Class CompactDiskLayout is a layout algorithm that arranges the graph’s nodes on a disk optimizing the compactness of the placement; see Figure 1. The nodes are placed such that nodes of the same connected component lie closely together; see Figure 2. The compact placement of the nodes makes the layout style mostly suitable for graphs that consist of multiple components each having only few edges. In particular, it is suitable for graphs with one main path such that other edges only connect nodes that lie closely together on that path. Moreover, the layout is optimized for nodes that are represented by uniform circles, which admits a strongly compact packing of the nodes.
Minimal Node Distance
The compactness of the layout can be controlled by the minimum distance between nodes; see Figure 3. The distance is measured between the boundary of the nodes. In order to obtain a particularly dense packing of the nodes the layout algorithm makes assumptions on the shape of the nodes. By default the layout algorithm assumes the nodes to be circles such that each circle has the same center as its node and its radius is the half of the maximum of the node’s width and height. In particular, this assumption implies that using non-circular nodes the layout algorithm may create a placement that has overlapping nodes; see Figure 4.

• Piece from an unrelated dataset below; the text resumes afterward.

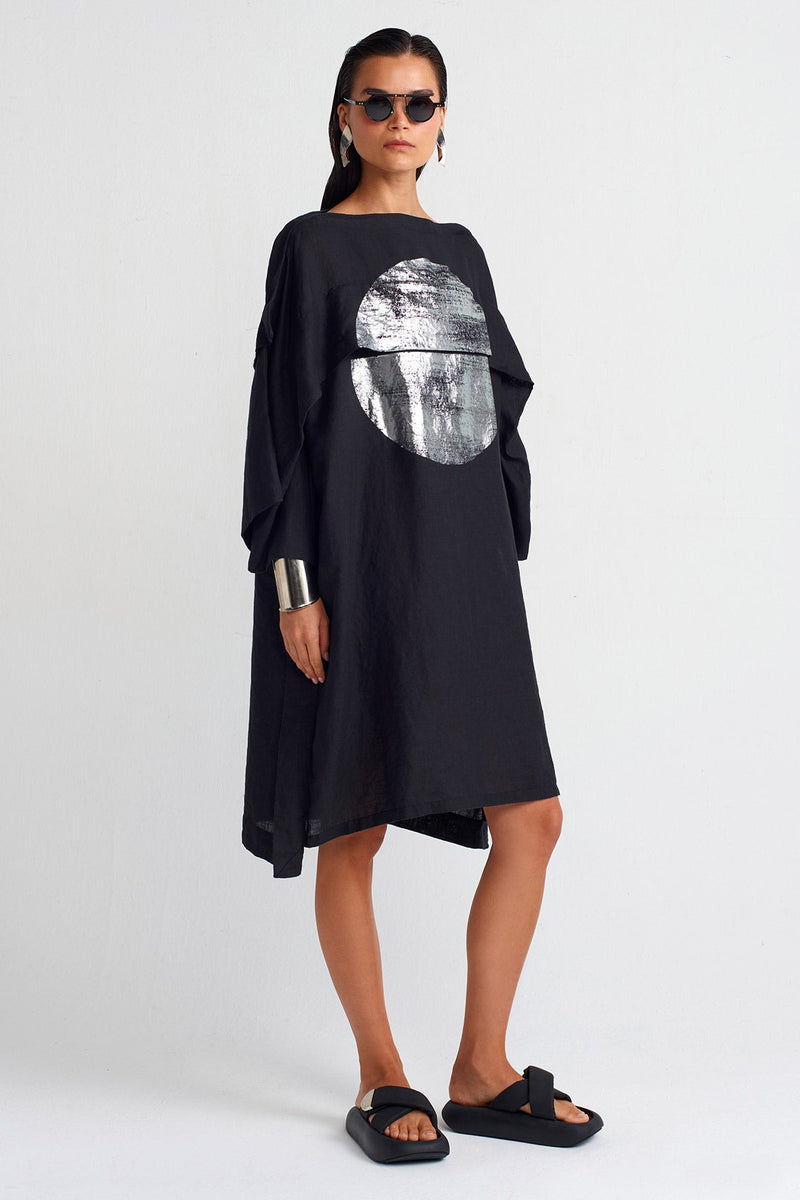 Nu Silver Printed Linen Dress Black - Silver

To enforce that non-circular nodes do not overlap, the user can relax this assumption by providing the layout algorithm with node halos. In that case the layout algorithm approximates the boundary of each node that has a node halo with a sufficiently large circle. This circle is the circumcircle of the bounding box that contains the node as well as the node’s halo. In order to activate this relaxation for a node it is sufficient to add a halo of size 0.

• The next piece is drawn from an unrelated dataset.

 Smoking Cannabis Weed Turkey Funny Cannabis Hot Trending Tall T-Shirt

- Enables the "from-sketch" layout
The CompactDiskLayout by default considers node types as soon as they are declared. In that case the connected components are ignored, but the nodes are placed with respect to their node types, i.e., nodes having the same type are placed together; see Figure 6.
The CompactDiskLayout by default considers node halos as soon as they are declared. As explained in Section Minimum Node Distance defining a node halo for a particular node let the layout algorithm assume a rough approximation of the node’s boundary, namely the circumcircle of the bounding box that contains the node as well as its halo.
Edge labels can be placed automatically using the generic labeling support as described in Generic Labeling, which is available with all yFiles layout algorithms. Additionally, the layout algorithm can be set up to take node labels into account during layout. This integrated labeling can be enabled using the following property; see also Integrated Labeling.
Enabling the integrated node labeling support of class CompactDiskLayout let the layout algorithm place the nodes and labels such that there are neither label-label nor node-label overlaps. The following policies are available.
- Each node label is placed with its center at the center of its node such that the label has horizontal orientation; see Figure 7. Multiple node labels will be placed center-aligned and stacked.
- The label of a node is placed on the ray that emanates from the disk’s center and goes through the center of the node. The label is rotated such that it has the same orientation as the ray; see Figure 8. If the node of the label lies at the boundary of the disk, the label’s distance to the disk’s center is chosen such that it lies outside of the disk and touches the boundary of its node. If the node of the label does not lie at the boundary of the disk, the center of label coincides with the center of the node. In case that a node has multiple labels, these labels are stacked on top of each other such that they can be treated as one multi-line label.
- The labels are placed in the same way as RAY_LIKE, however, with the exception that the labels of nodes that do not lie at the boundary of the disk are placed horizontally; see Figure 9 In case that a node has multiple labels, these labels are stacked on top of each other such that they can be treated as one multi-line label.
Note that ray-like labels are only supported for node labels that use a "free" label model, e.g., FreeNodeLabelModel.
Supplemental layout data for a graph’s elements can be specified either by using class CompactDiskLayoutData or by registering data providers with the graph using given look-up keys. Table Supplemental layout data lists the properties of CompactDiskLayoutData and the corresponding look-up keys that are used by CompactDiskLayout during the layout process.
Providing supplemental layout data is described in detail in Layout Data.